This is the rabbit hutch that I'm midway through converting into a little chicken coop for our two hens to spend their nights in. Yes, it's little, but it's much more spacious than the beer-crate they are currently using, and as you can see - two little human chickadees feel quite at home there.

And here's the view from the top. The kids are having their afternoon tea, having chosen a box instead of all the other, more comfortable and (to my mind) exciting places like the tree house.

Miss2's birthday party - the cake
Yay! She blew the candles out!

Miss2 feeding her baby. She initiated this game all by herself.

Oops! Dropped some of the food!

Miss5's last day at kindy. She made the hat all by herself and had a wonderful dayHere's a close-up of the cake. This was a wonderful gift. I mentioned on Facebook that I'd be buying Miss5's cake this year, and a friend offered, out of the blue, to bake and decorate one for us! Very much appreciated!!

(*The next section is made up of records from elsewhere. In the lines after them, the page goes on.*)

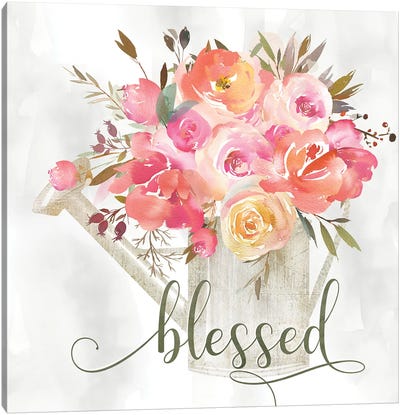 Simple Blessed Floral Canvas Art Print - Gratitude Art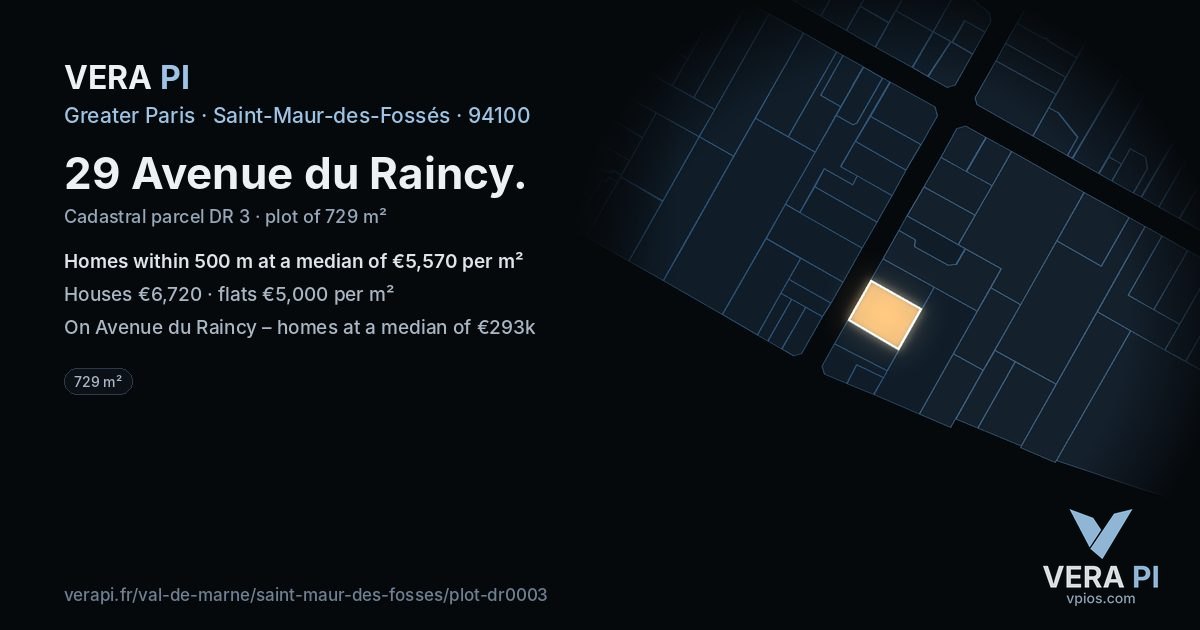 29 Avenue du Raincy, Saint-Maur-des-Fossés at night – the plot lit, the parcels around coloured by the prices near them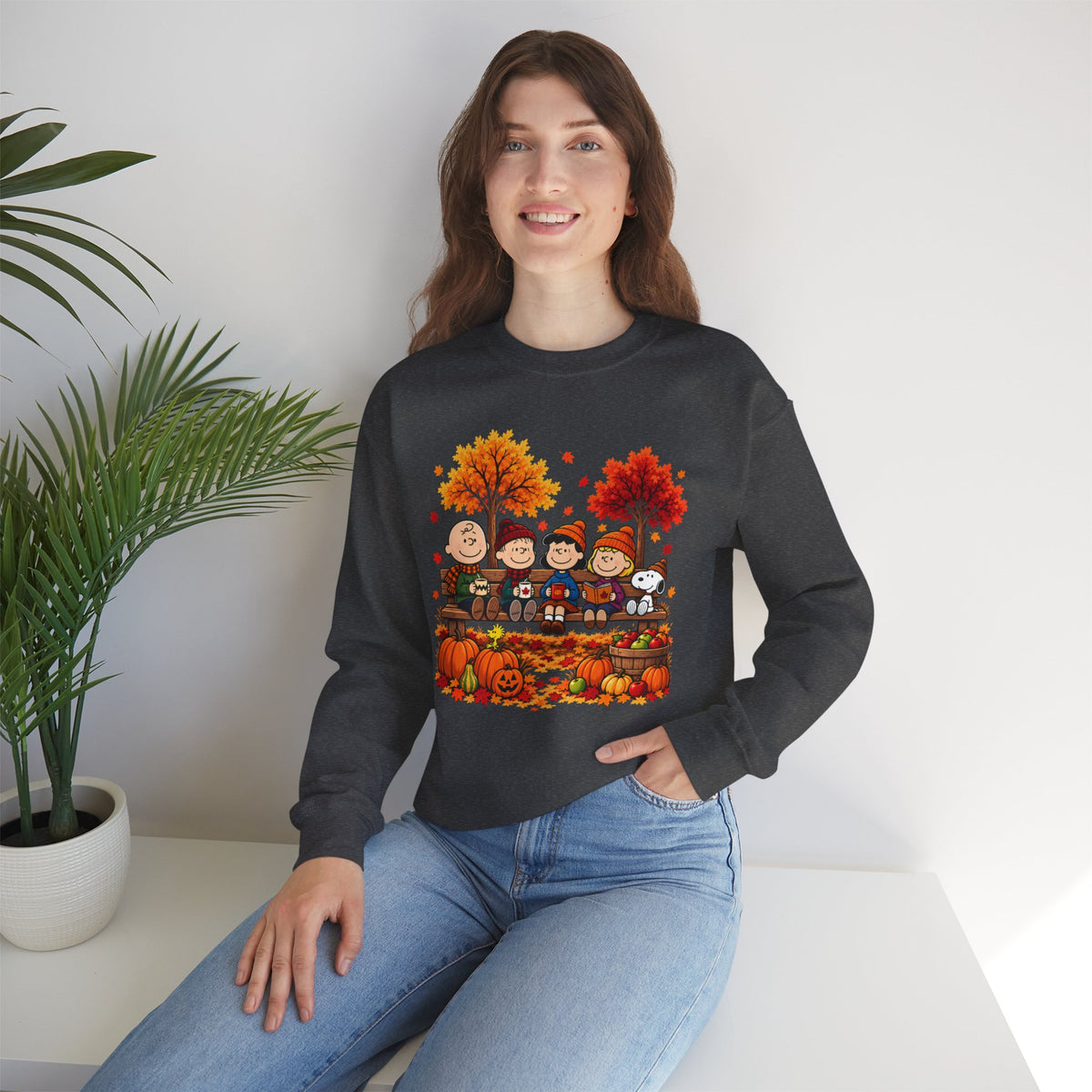 Fall Friends Crewneck Sweatshirt, Cute Autumn Pumpkin Patch Design - 14999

And these final two photos are an eloquent example of Dad-physics. These batteries are the ones I took out of the smoke-detectors, so they've been running down their charge for a year, but even so, this is not a Mum-physics lesson. Merl decided it would be a good opportunity to teach the girls about touching batteries onto your tongue.

Yes indeed.

The second photo is taken in the split-second after Miss5 had done so.

However, the batteries must have been worn out enough for the zing to not be too bad, because Miss2 spent the next 2 or 3 days wandering around touching her tongue to the batteries just to get the kick out of it.

I've since done the responsible Mummy thing and explained to Miss5 that you must only ever do it with worn-out batteries, and I've hidden them away from Miss2. Merl insists the batteries will come in handy for electronics experiments, so I'll have to put them somewhere safe and label them as used batteries. Then we can throw them out in a year or so when we find them again and they've gone all melty and yuck...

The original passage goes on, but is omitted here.